El ordenador terminó la ejecución de la rutina de arranque. La pantalla era un cielo azul claro que me hizo pensar en la hija de McCaleb. Había varios iconos esparcidos en el cielo. Enseguida me fijé en uno que era un fichero en miniatura bajo el cual se leía la palabra «Perfiles». Sabía que era una carpeta que quería abrir. Examinando la parte inferior de la pantalla, vi un icono que mostraba una cámara de fotos delante de la instantánea de una palmera. Puesto que estábamos hablando de fotografía lo señalé.

– ¿Es aquí donde están las fotos?

– Sí -dijo Lockridge.

Otra vez procedió sin mi permiso. Puso el dedo en un pequeño cuadrado que había delante del teclado, que a su vez movió una flecha en la pantalla hasta el icono de la cámara y la palmera. Lockridge pulsó con el pulgar un botón situado debajo del cuadrado y rápidamente la pantalla adoptó otra imagen.
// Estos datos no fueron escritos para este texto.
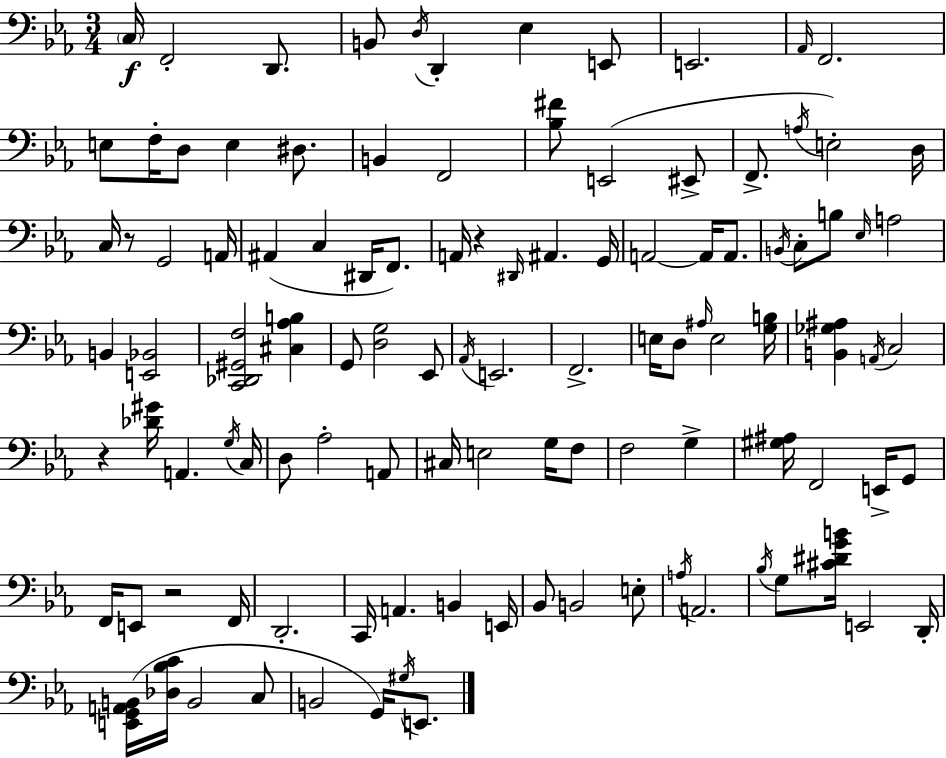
{
  \clef bass
  \numericTimeSignature
  \time 3/4
  \key c \minor
  \parenthesize c16\f f,2-. d,8. | b,8 \acciaccatura { d16 } d,4-. ees4 e,8 | e,2. | \grace { aes,16 } f,2. | \break e8 f16-. d8 e4 dis8. | b,4 f,2 | <bes fis'>8 e,2( | eis,8-> f,8.-> \acciaccatura { a16 }) e2-. | \break d16 c16 r8 g,2 | a,16 ais,4( c4 dis,16 | f,8.) a,16 r4 \grace { dis,16 } ais,4. | g,16 a,2~~ | \break a,16 a,8. \acciaccatura { b,16 } c8-. b8 \grace { ees16 } a2 | b,4 <e, bes,>2 | <c, des, gis, f>2 | <cis aes b>4 g,8 <d g>2 | \break ees,8 \acciaccatura { aes,16 } e,2. | f,2.-> | e16 d8 \grace { ais16 } e2 | <g b>16 <b, ges ais>4 | \break \acciaccatura { a,16 } c2 r4 | <des' gis'>16 a,4. \acciaccatura { g16 } c16 d8 | aes2-. a,8 cis16 e2 | g16 f8 f2 | \break g4-> <gis ais>16 f,2 | e,16-> g,8 f,16 e,8 | r2 f,16 d,2.-. | c,16 a,4. | \break b,4 e,16 bes,8 | b,2 e8-. \acciaccatura { a16 } a,2. | \acciaccatura { bes16 } | g8 <cis' dis' g' b'>16 e,2 d,16-. | \break <e, g, a, b,>16( <des bes c'>16 b,2 c8 | b,2 g,16) \acciaccatura { gis16 } e,8. | \bar "|."
}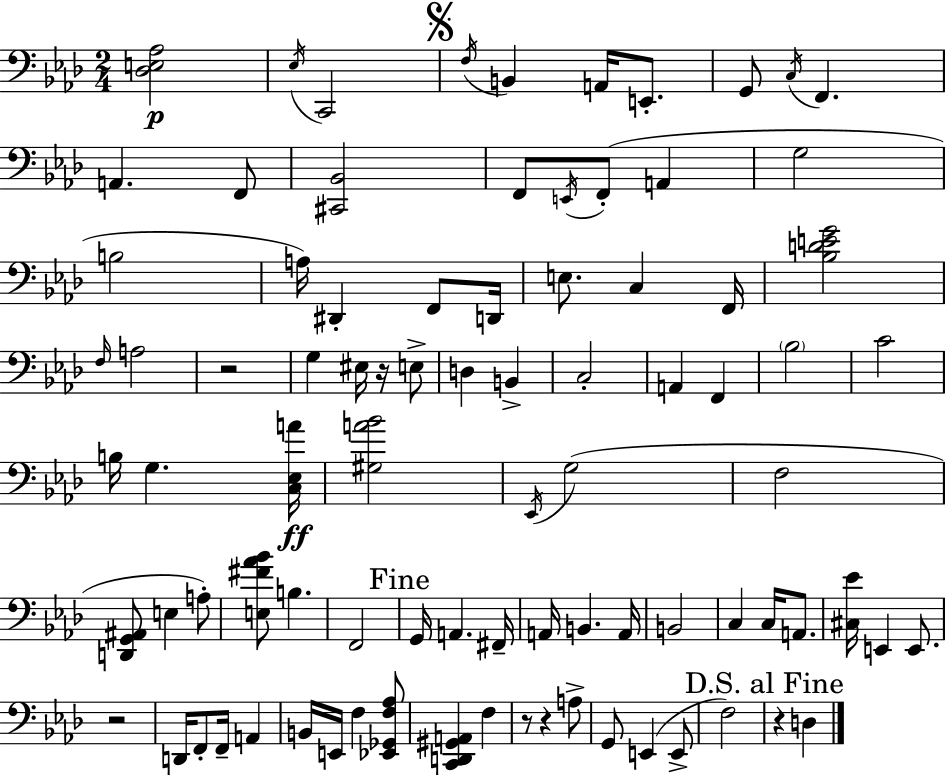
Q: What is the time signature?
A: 2/4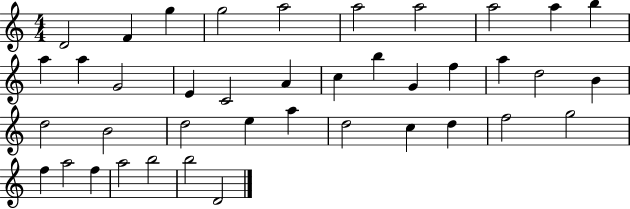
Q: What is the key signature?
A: C major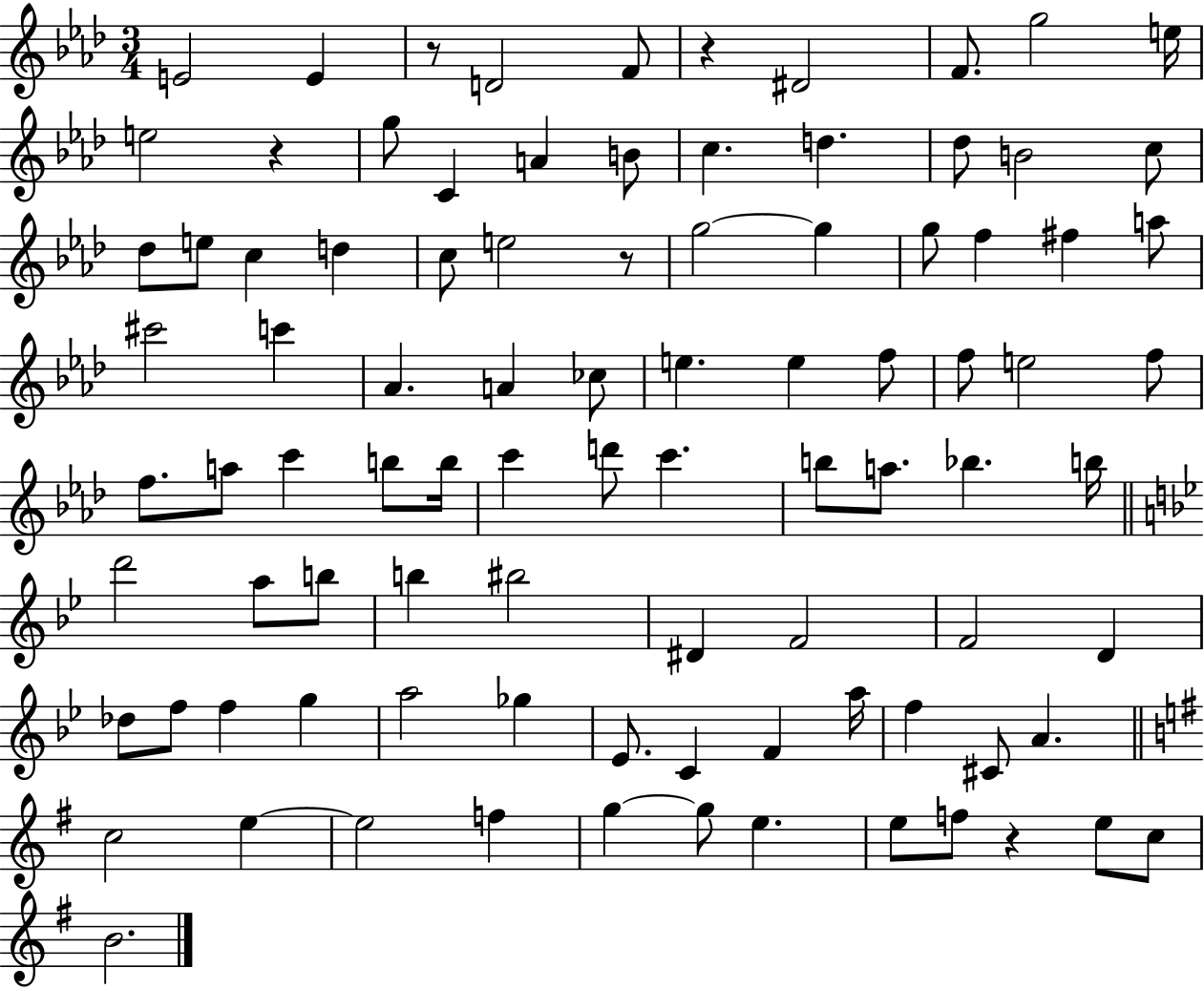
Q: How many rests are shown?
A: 5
Lockridge parecía familiarizado con el ordenador y este hecho me suscitó las preguntas de por qué y cómo. ¿Terry McCaleb le había permitido acceder al ordenador -al fin y al cabo eran socios- o era eso algo en lo que Lockridge se había hecho experto sin el conocimiento de su socio?

En la pantalla se abrió un marco bajo el encabezamiento de iPhoto. Había una lista con varias carpetas. La mayoría tenía por nombre una fecha, normalmente unas semanas o un mes. Había una carpeta que simplemente se llamaba «Recibido».